- [ABOUT THIS TASK] Omitting the pictures, print every line below exactly as it stands.

[Items listed in a dataset]
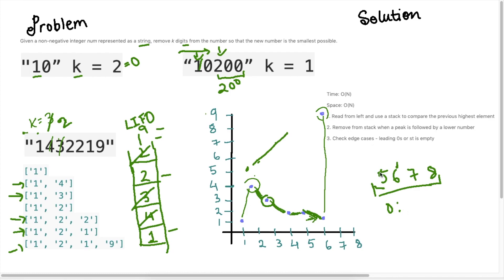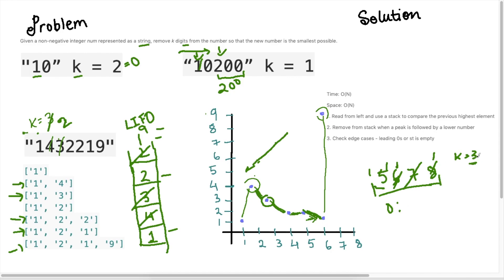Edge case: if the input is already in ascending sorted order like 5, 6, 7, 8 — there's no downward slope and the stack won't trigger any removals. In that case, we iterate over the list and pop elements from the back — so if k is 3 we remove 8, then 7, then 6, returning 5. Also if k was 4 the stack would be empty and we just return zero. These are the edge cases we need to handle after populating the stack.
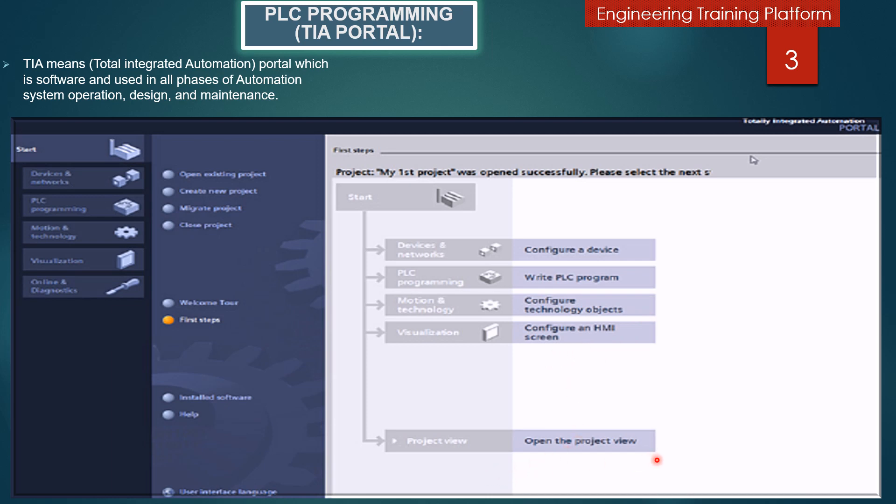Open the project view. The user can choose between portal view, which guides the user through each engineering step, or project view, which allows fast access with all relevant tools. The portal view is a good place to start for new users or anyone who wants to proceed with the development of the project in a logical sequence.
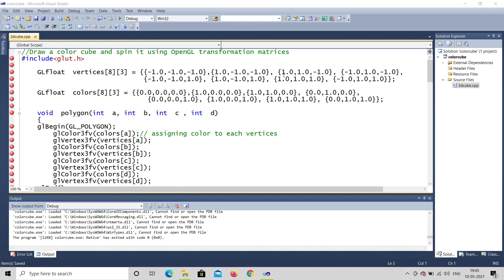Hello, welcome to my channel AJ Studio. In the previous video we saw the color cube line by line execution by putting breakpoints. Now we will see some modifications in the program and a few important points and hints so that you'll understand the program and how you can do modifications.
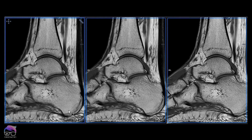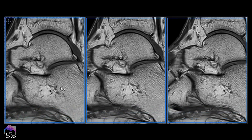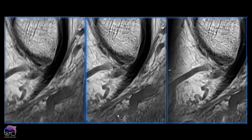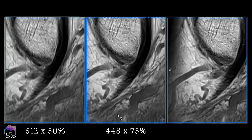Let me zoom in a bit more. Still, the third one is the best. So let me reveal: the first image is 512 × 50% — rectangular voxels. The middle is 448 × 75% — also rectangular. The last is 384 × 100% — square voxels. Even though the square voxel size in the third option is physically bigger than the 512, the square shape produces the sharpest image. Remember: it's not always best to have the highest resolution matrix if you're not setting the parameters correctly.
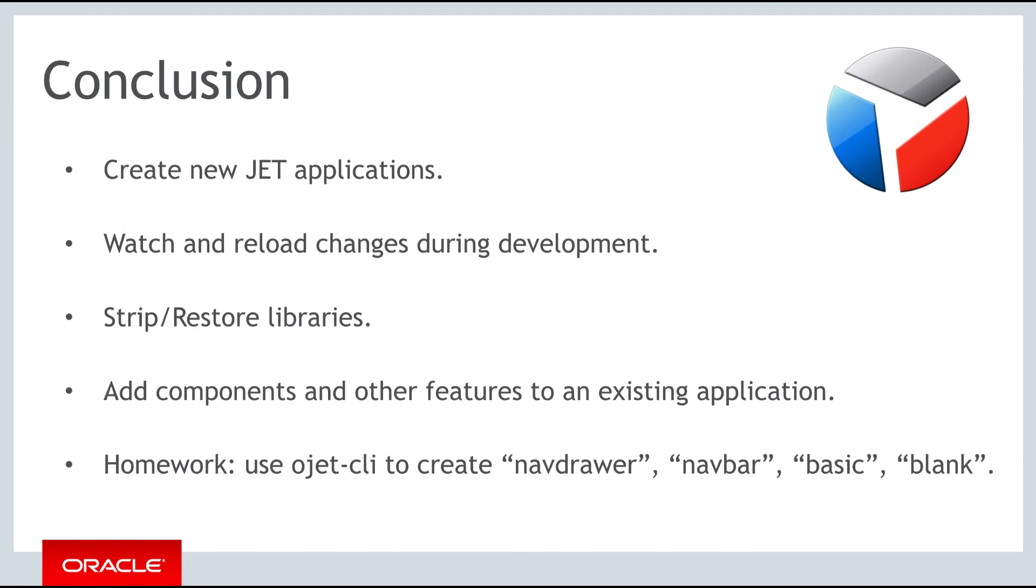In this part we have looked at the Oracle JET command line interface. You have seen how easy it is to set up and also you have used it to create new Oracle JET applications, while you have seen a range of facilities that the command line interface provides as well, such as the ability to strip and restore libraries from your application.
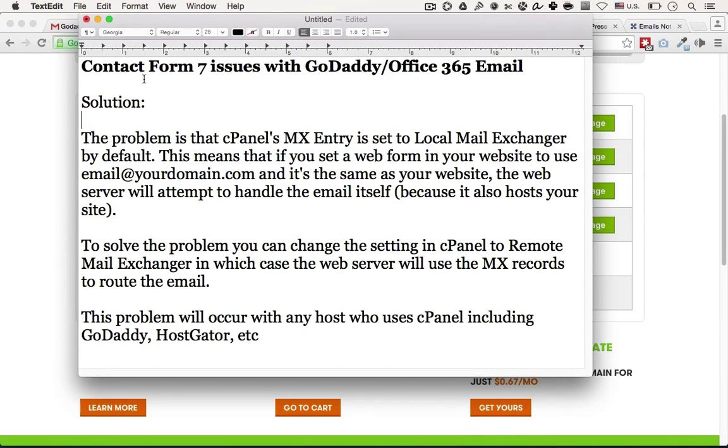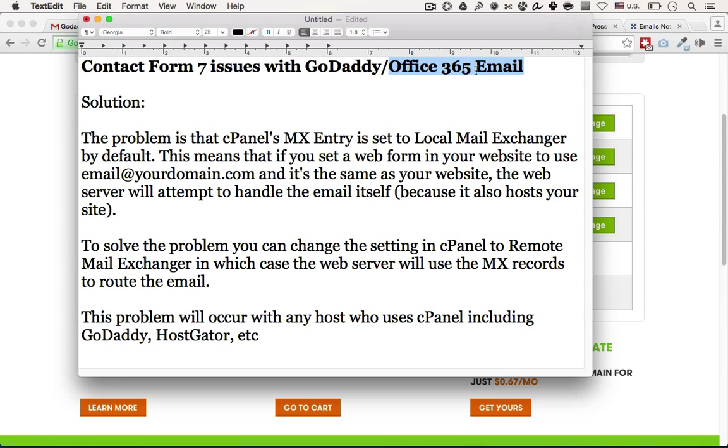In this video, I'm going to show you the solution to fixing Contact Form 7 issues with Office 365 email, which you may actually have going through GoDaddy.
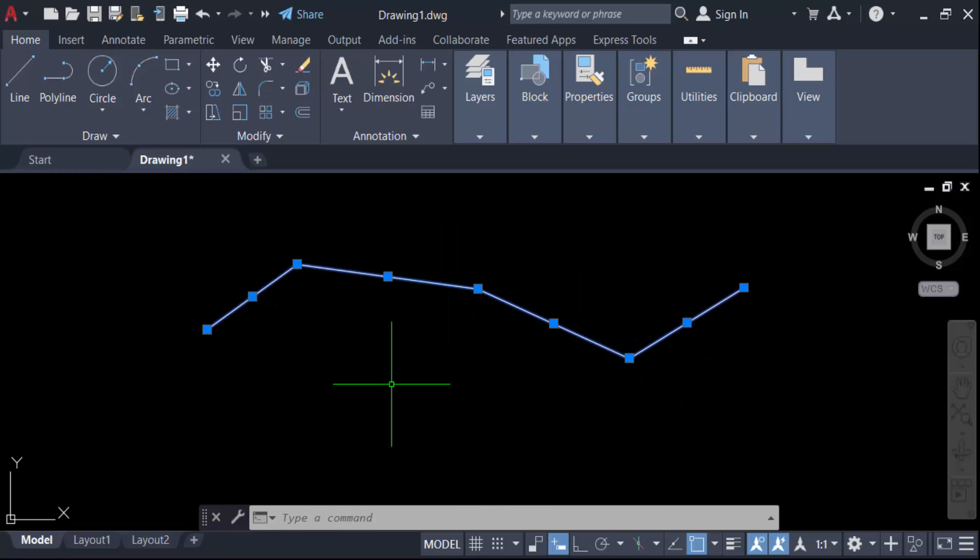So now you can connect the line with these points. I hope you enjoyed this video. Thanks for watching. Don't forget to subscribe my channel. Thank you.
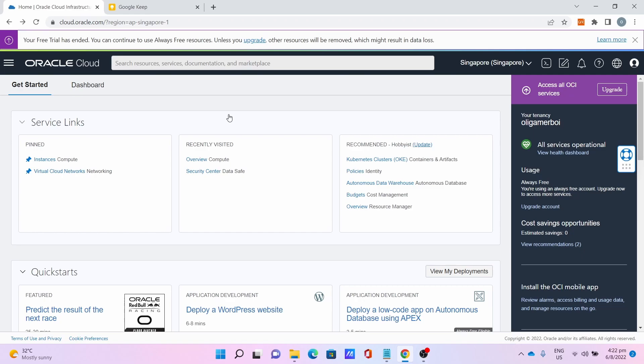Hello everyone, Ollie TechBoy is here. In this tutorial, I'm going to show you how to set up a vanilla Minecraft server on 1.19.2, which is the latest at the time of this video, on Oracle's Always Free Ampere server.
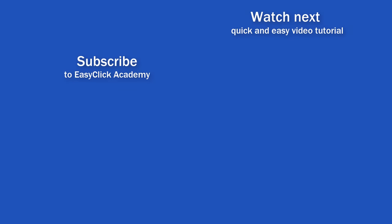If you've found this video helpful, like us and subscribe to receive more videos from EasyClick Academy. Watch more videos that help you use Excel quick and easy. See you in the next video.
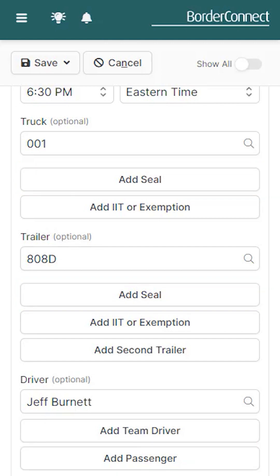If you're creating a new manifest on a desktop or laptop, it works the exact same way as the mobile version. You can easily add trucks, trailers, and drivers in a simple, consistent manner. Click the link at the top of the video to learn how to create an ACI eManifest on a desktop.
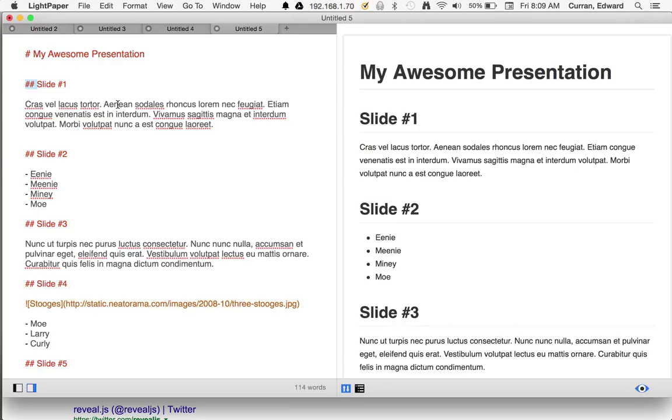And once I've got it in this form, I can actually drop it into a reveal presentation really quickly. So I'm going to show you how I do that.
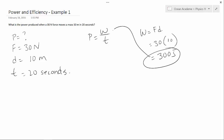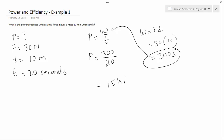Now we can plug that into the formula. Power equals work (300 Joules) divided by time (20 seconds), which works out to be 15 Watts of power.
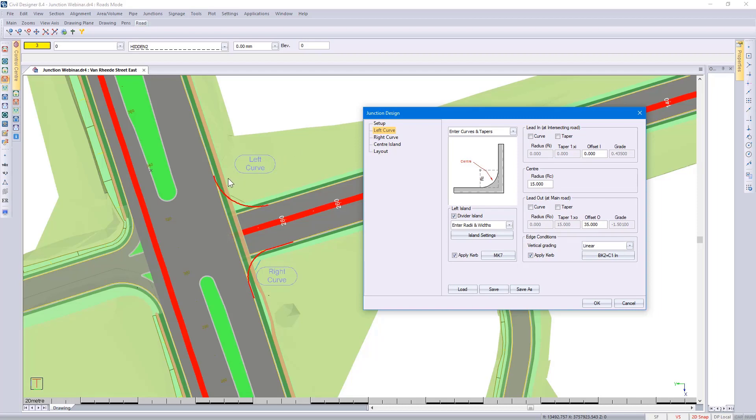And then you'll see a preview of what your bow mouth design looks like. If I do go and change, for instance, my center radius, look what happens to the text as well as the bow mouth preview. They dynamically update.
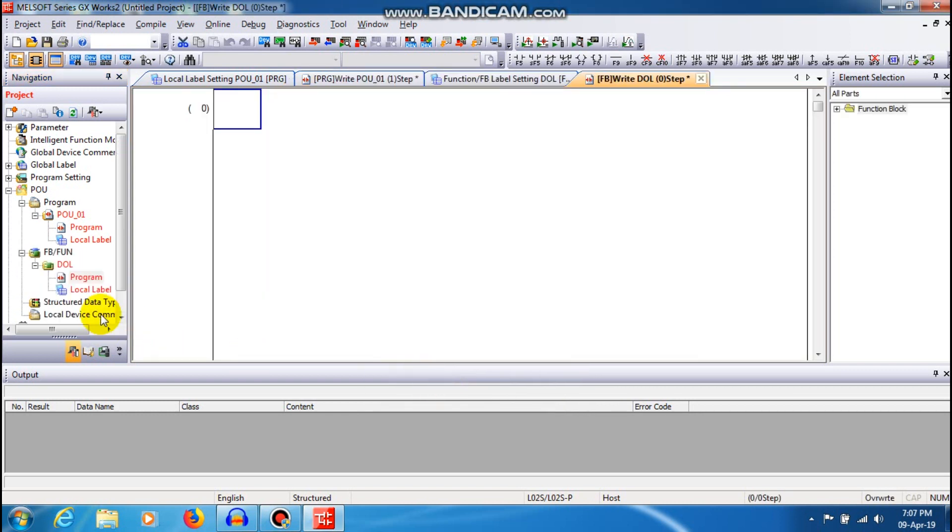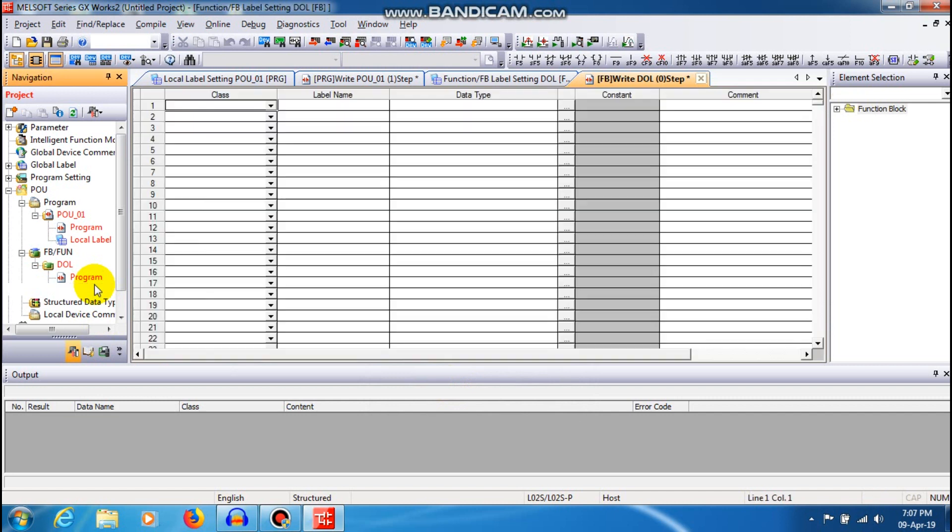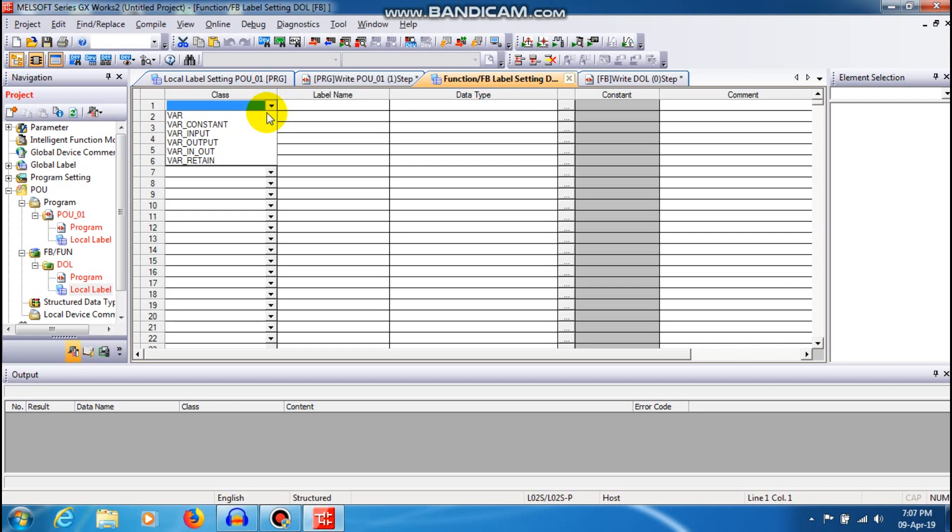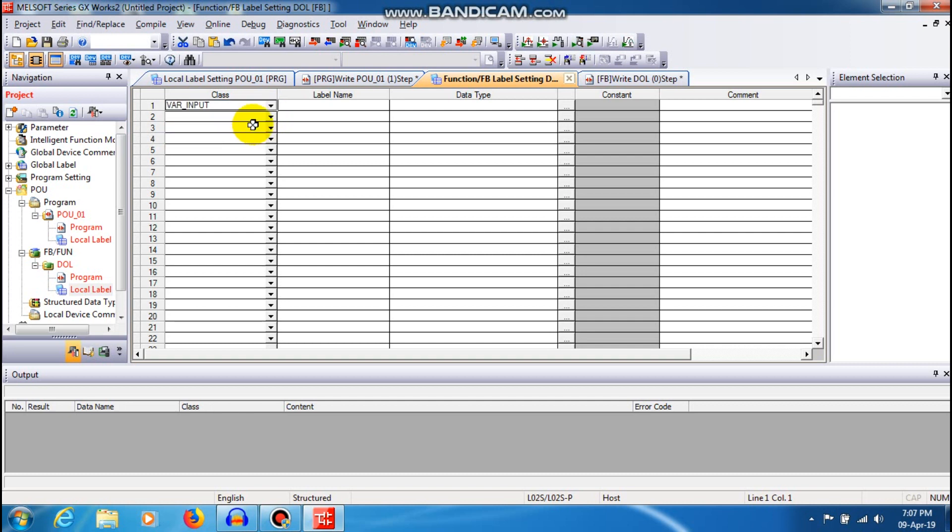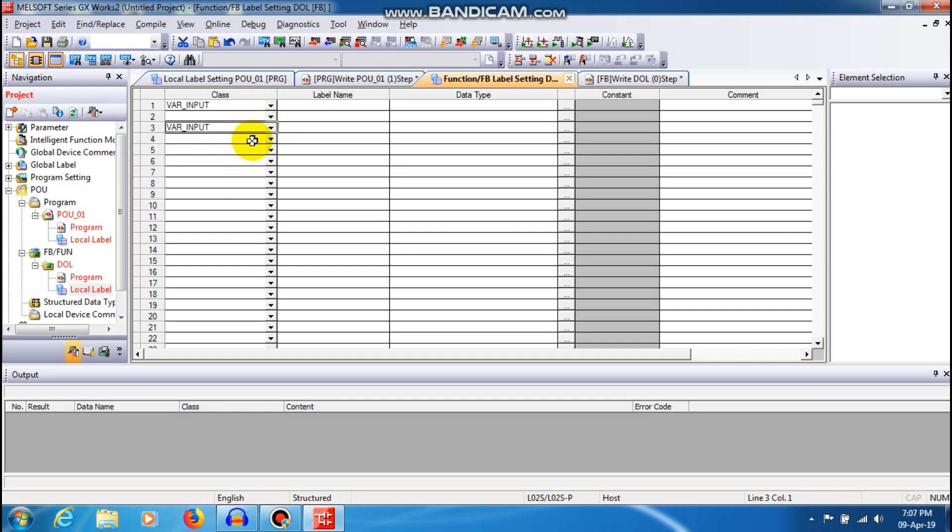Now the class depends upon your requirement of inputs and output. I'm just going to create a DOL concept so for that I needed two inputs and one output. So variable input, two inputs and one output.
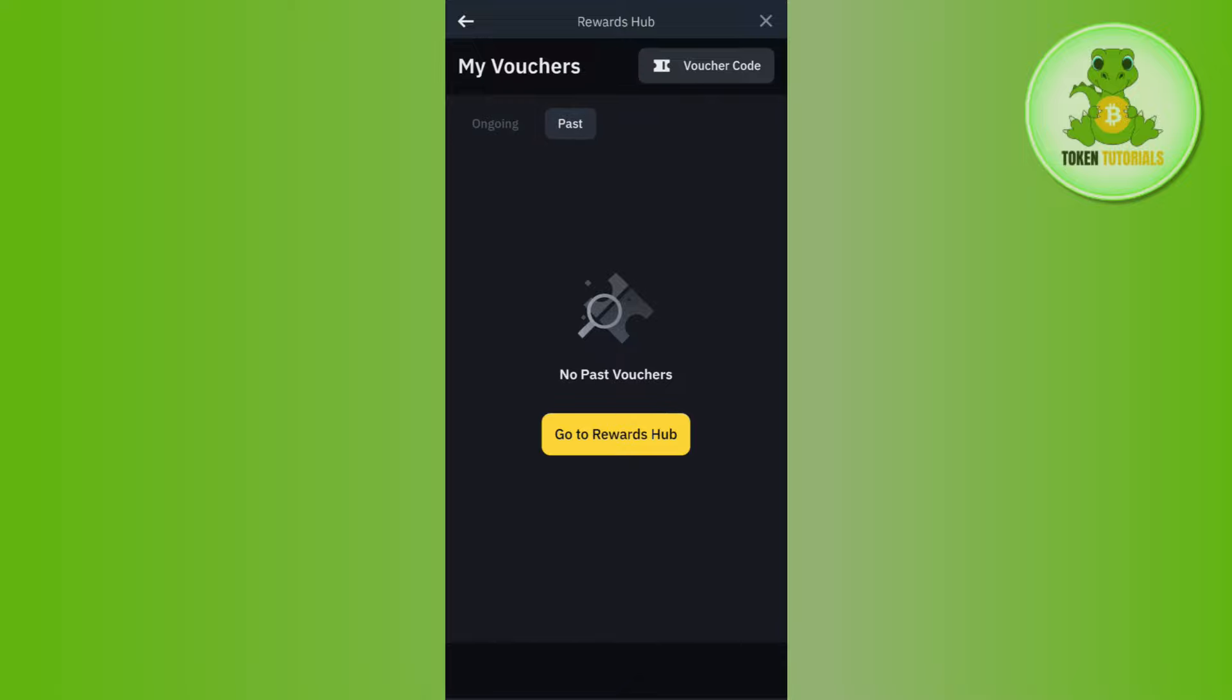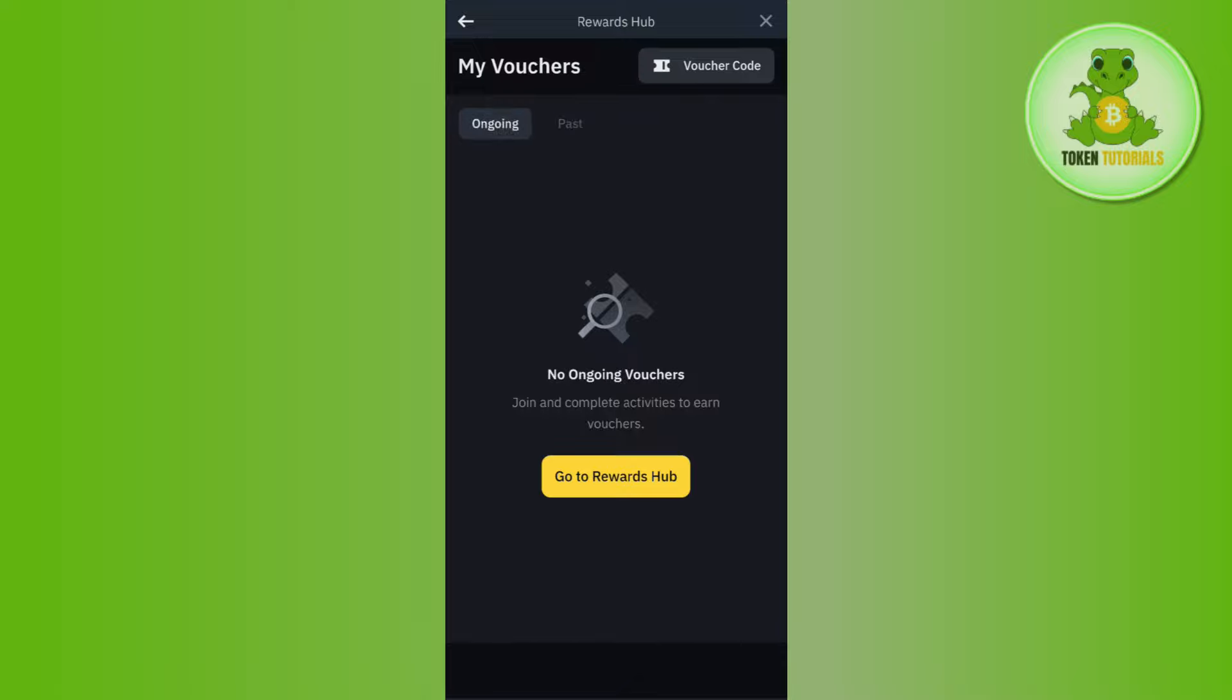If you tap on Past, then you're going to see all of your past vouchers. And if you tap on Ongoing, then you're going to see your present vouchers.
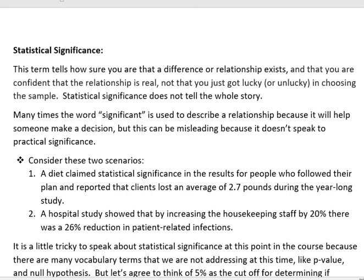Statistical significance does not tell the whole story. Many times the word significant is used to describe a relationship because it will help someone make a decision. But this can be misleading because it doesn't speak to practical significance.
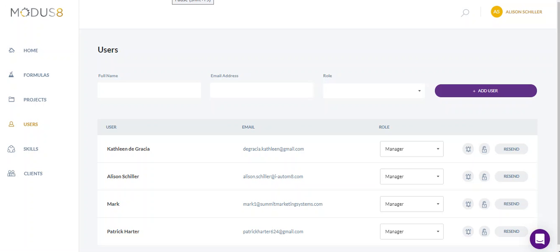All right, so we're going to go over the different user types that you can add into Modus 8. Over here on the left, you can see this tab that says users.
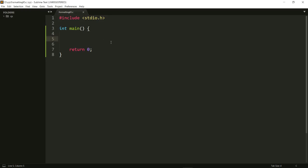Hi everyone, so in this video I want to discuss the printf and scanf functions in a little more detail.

- [TASK RESULT]
Edge case: if the input is already in ascending sorted order like 5, 6, 7, 8 — there's no downward slope and the stack won't trigger any removals. In that case, we iterate over the list and pop elements from the back — so if k is 3 we remove 8, then 7, then 6, returning 5. Also if k was 4 the stack would be empty and we just return zero. These are the edge cases we need to handle after populating the stack.
Open the project view. The user can choose between portal view, which guides the user through each engineering step, or project view, which allows fast access with all relevant tools. The portal view is a good place to start for new users or anyone who wants to proceed with the development of the project in a logical sequence.
Hello, welcome to my channel AJ Studio. In the previous video we saw the color cube line by line execution by putting breakpoints. Now we will see some modifications in the program and a few important points and hints so that you'll understand the program and how you can do modifications.
Let me zoom in a bit more. Still, the third one is the best. So let me reveal: the first image is 512 × 50% — rectangular voxels. The middle is 448 × 75% — also rectangular. The last is 384 × 100% — square voxels. Even though the square voxel size in the third option is physically bigger than the 512, the square shape produces the sharpest image. Remember: it's not always best to have the highest resolution matrix if you're not setting the parameters correctly.
In this part we have looked at the Oracle JET command line interface. You have seen how easy it is to set up and also you have used it to create new Oracle JET applications, while you have seen a range of facilities that the command line interface provides as well, such as the ability to strip and restore libraries from your application.
In this video, I'm going to show you the solution to fixing Contact Form 7 issues with Office 365 email, which you may actually have going through GoDaddy.
So now you can connect the line with these points. I hope you enjoyed this video. Thanks for watching. Don't forget to subscribe my channel. Thank you.
Hello everyone, Ollie TechBoy is here. In this tutorial, I'm going to show you how to set up a vanilla Minecraft server on 1.19.2, which is the latest at the time of this video, on Oracle's Always Free Ampere server.
If you've found this video helpful, like us and subscribe to receive more videos from EasyClick Academy. Watch more videos that help you use Excel quick and easy. See you in the next video.
If you're creating a new manifest on a desktop or laptop, it works the exact same way as the mobile version. You can easily add trucks, trailers, and drivers in a simple, consistent manner. Click the link at the top of the video to learn how to create an ACI eManifest on a desktop.
And once I've got it in this form, I can actually drop it into a reveal presentation really quickly. So I'm going to show you how I do that.
Now we can plug that into the formula. Power equals work (300 Joules) divided by time (20 seconds), which works out to be 15 Watts of power.
And then you'll see a preview of what your bow mouth design looks like. If I do go and change, for instance, my center radius, look what happens to the text as well as the bow mouth preview. They dynamically update.
Now the class depends upon your requirement of inputs and output. I'm just going to create a DOL concept so for that I needed two inputs and one output. So variable input, two inputs and one output.
If you tap on Past, then you're going to see all of your past vouchers. And if you tap on Ongoing, then you're going to see your present vouchers.
Statistical significance does not tell the whole story. Many times the word significant is used to describe a relationship because it will help someone make a decision. But this can be misleading because it doesn't speak to practical significance.
All right, so we're going to go over the different user types that you can add into Modus 8. Over here on the left, you can see this tab that says users.
Hi everyone, so in this video I want to discuss the printf and scanf functions in a little more detail.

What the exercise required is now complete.